4    GRIFFIERECHT EN KOSTENVEROORDELING

4.1    Omdat de raad de klacht gegrond verklaart, moet verweerder op grond van artikel 46e lid 5 Advocatenwet het door klager betaalde griffierecht van € 50,- aan klager vergoeden binnen vier weken nadat deze beslissing onherroepelijk is geworden. Klager geeft binnen twee weken na de datum van deze beslissing zijn rekeningnummer schriftelijk aan verweerder door.

4.2    Nu de raad een maatregel oplegt, zal de raad verweerder daarnaast op grond van artikel 48ac lid 1 Advocatenwet veroordelen in de volgende proceskosten:

a) € 50,- reiskosten van klager,

b) € 750,- kosten van de Nederlandse Orde van Advocaten en

c) € 500,- kosten van de Staat.

4.3    Verweerder moet het bedrag van € 50,- aan reiskosten binnen vier weken nadat deze beslissing onherroepelijk is geworden, betalen aan klager.

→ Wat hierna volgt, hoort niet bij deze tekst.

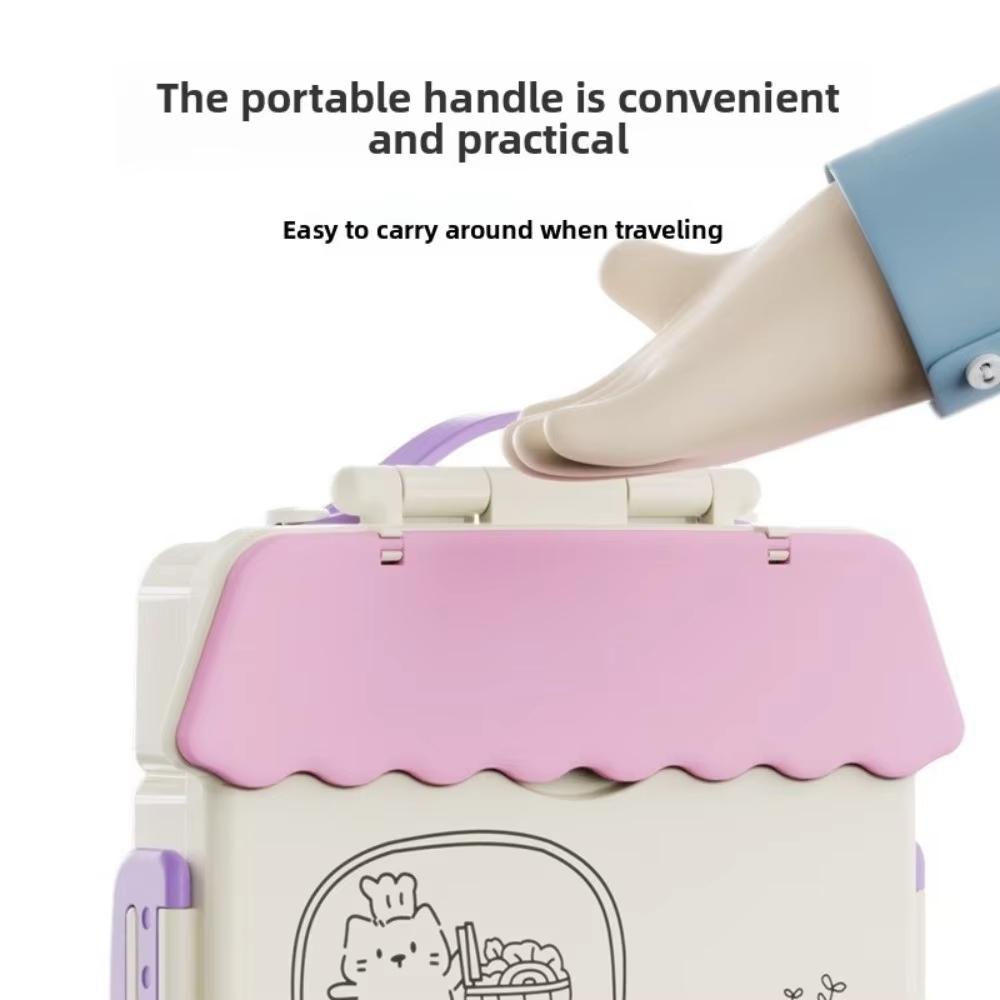 Portable Cartoon Kid's Bento Box with Cutlery Children's Lunch Box Portable Divided Lunch Box Microwaveable Food Container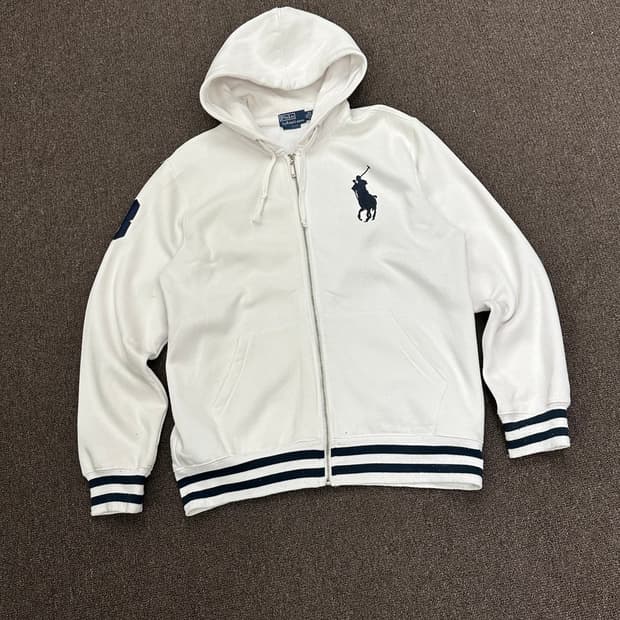 XL)Polo Ralph Lauren 빈티지 빅포니 화이트 후드집업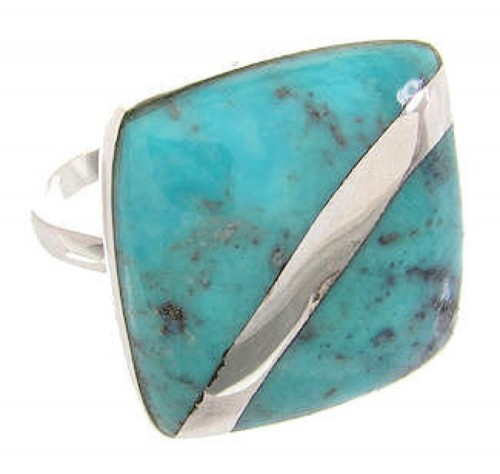 Southwest Turquoise Sterling Silver Ring Size 6-1/4 MW63730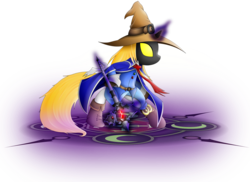 Size: 1586x1153 | Tagged: safe, artist:xeroseis, black mage, final fantasy, ponified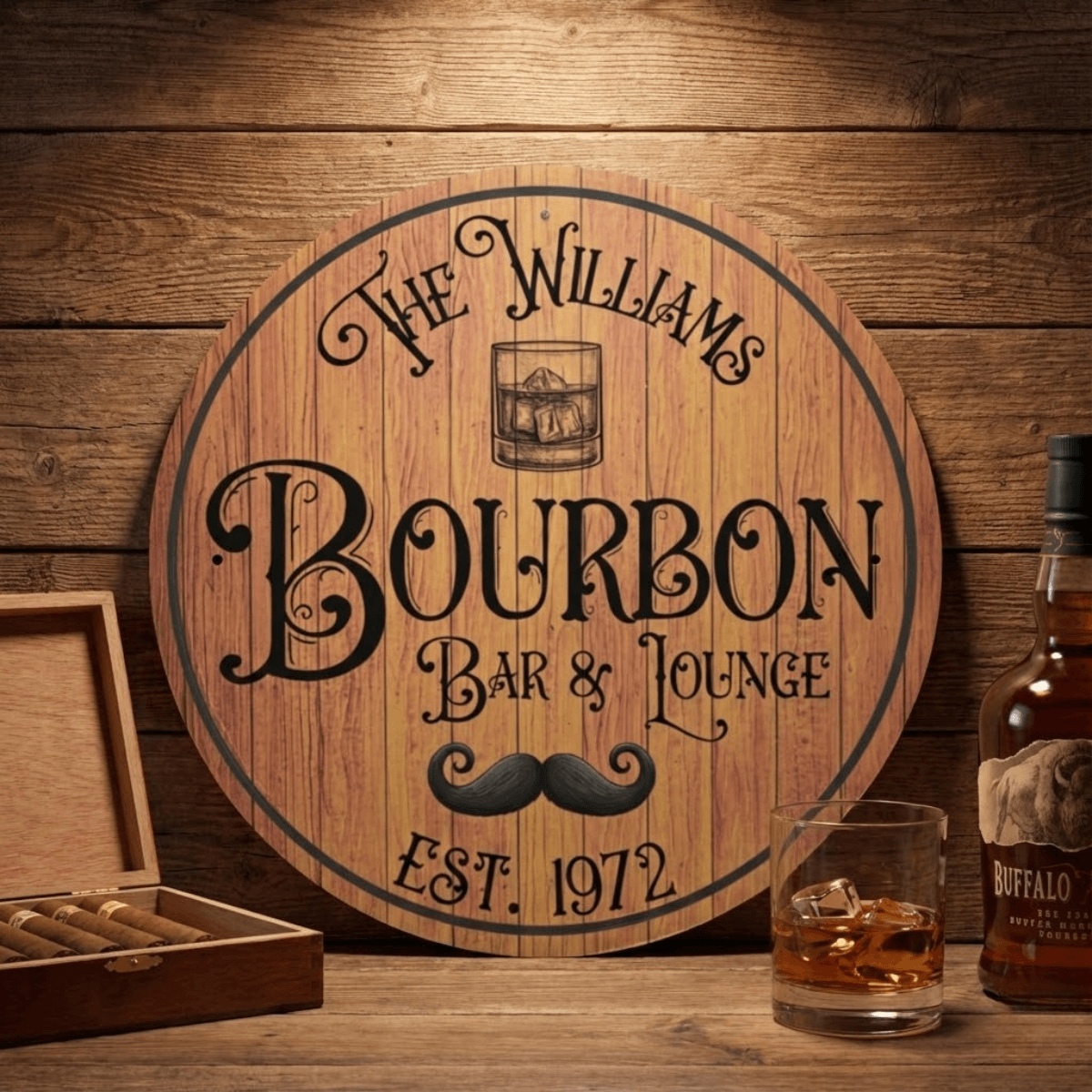 Personalized Faux Barrel Metal Home Bar Sign thumbnail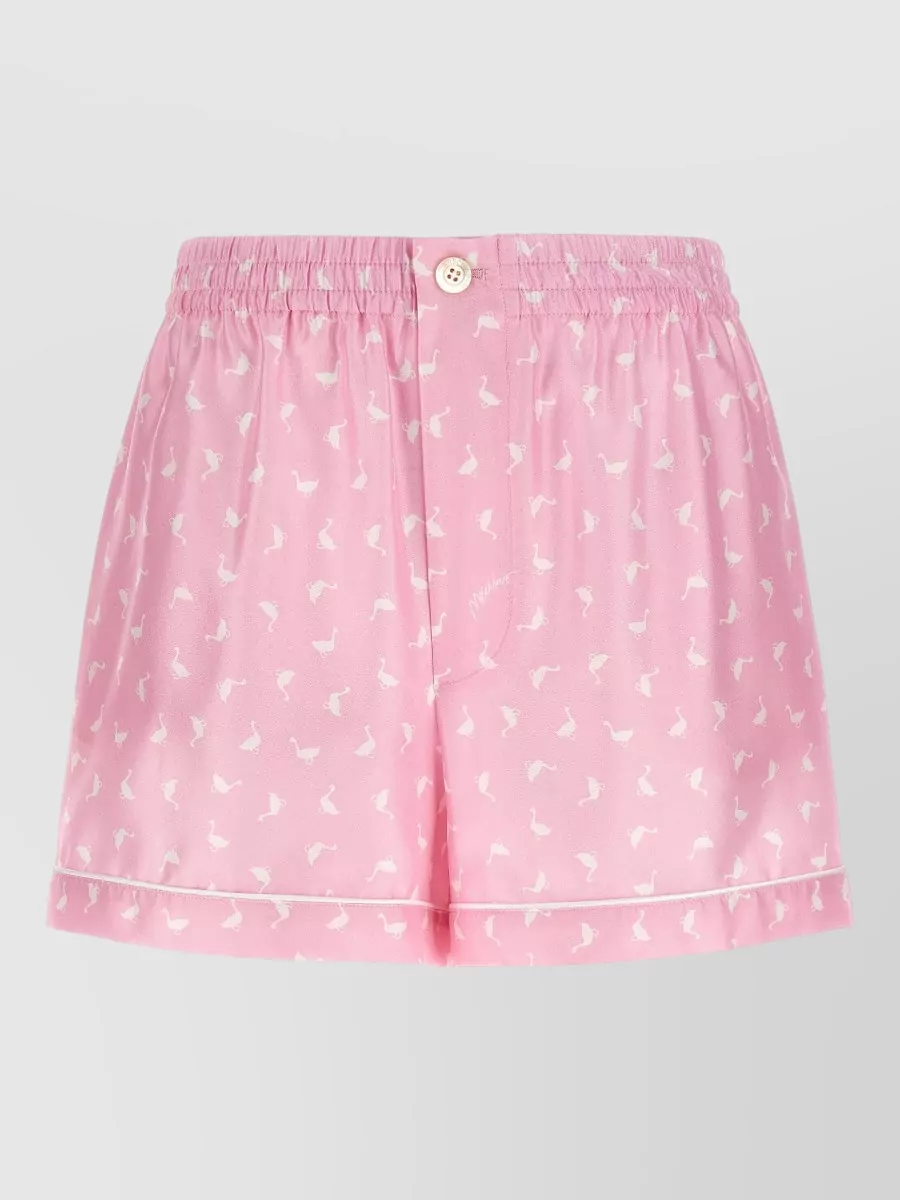 Moschino silk printed knee-length shorts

Klager geeft binnen twee weken na de datum van deze beslissing zijn rekeningnummer schriftelijk aan verweerder door.

4.4    Verweerder moet het bedrag van € 1.250,- (het totaal van de in 7.2 onder b en c genoemde kosten) binnen vier weken nadat deze beslissing onherroepelijk is geworden, overmaken naar rekeningnummer lBAN: NL85 lNGB 0000 079000, BIC: INGBNL2A, Nederlandse Orde van Advocaten, Den Haag, onder vermelding van “kostenveroordeling raad van discipline" en het zaaknummer.

BESLISSING

De raad van discipline:

-    verklaart de klacht in alle onderdelen gegrond;

-    legt aan verweerder de maatregel van schorsing voor de duur van vier weken op;

-    bepaalt dat deze maatregel niet ten uitvoer zal worden gelegd tenzij de raad van discipline later anders mocht bepalen op de grond dat verweerder een of meer van de navolgende bijzondere of algemene voorwaarden niet heeft nageleefd;

-     stelt als algemene voorwaarde dat verweerder zich binnen de hierna te melden proeftijd niet opnieuw schuldig maakt aan een in artikel 46 van de Advocatenwet bedoelde gedraging;

-     stelt de proeftijd op een periode van twee jaar, ingaande op de dag dat deze beslissing onherroepelijk wordt;

-    veroordeelt verweerder tot betaling van het griffierecht van € 50,- aan klager;

-    veroordeelt verweerder tot betaling van de reiskosten van € 50,- aan klager, op de manier en binnen de termijn als hiervóór bepaald in 4.3;

-    veroordeelt verweerder tot betaling van de proceskosten van € 1.250,- aan de Nederlandse Orde van Advocaten, op de manier en binnen de termijn als hiervóór bepaald in 4.4;

- bepaalt dat de in artikel 8a lid 3 Advocatenwet bedoelde termijn wordt verkort tot twee jaar.

Aldus beslist door mr. C. Kraak, voorzitter, mrs. S. van Andel en H.C.M.J. Karskens, leden, bijgestaan door mr. S. van Excel als griffier en uitgesproken in het openbaar op 23 maart 2020.

Griffier    Voorzitter

Verzonden op 23 maart 2020

mededelingen van de griffier ter informatie:

Verzending

Deze beslissing is in afschrift gelijktijdig verzonden.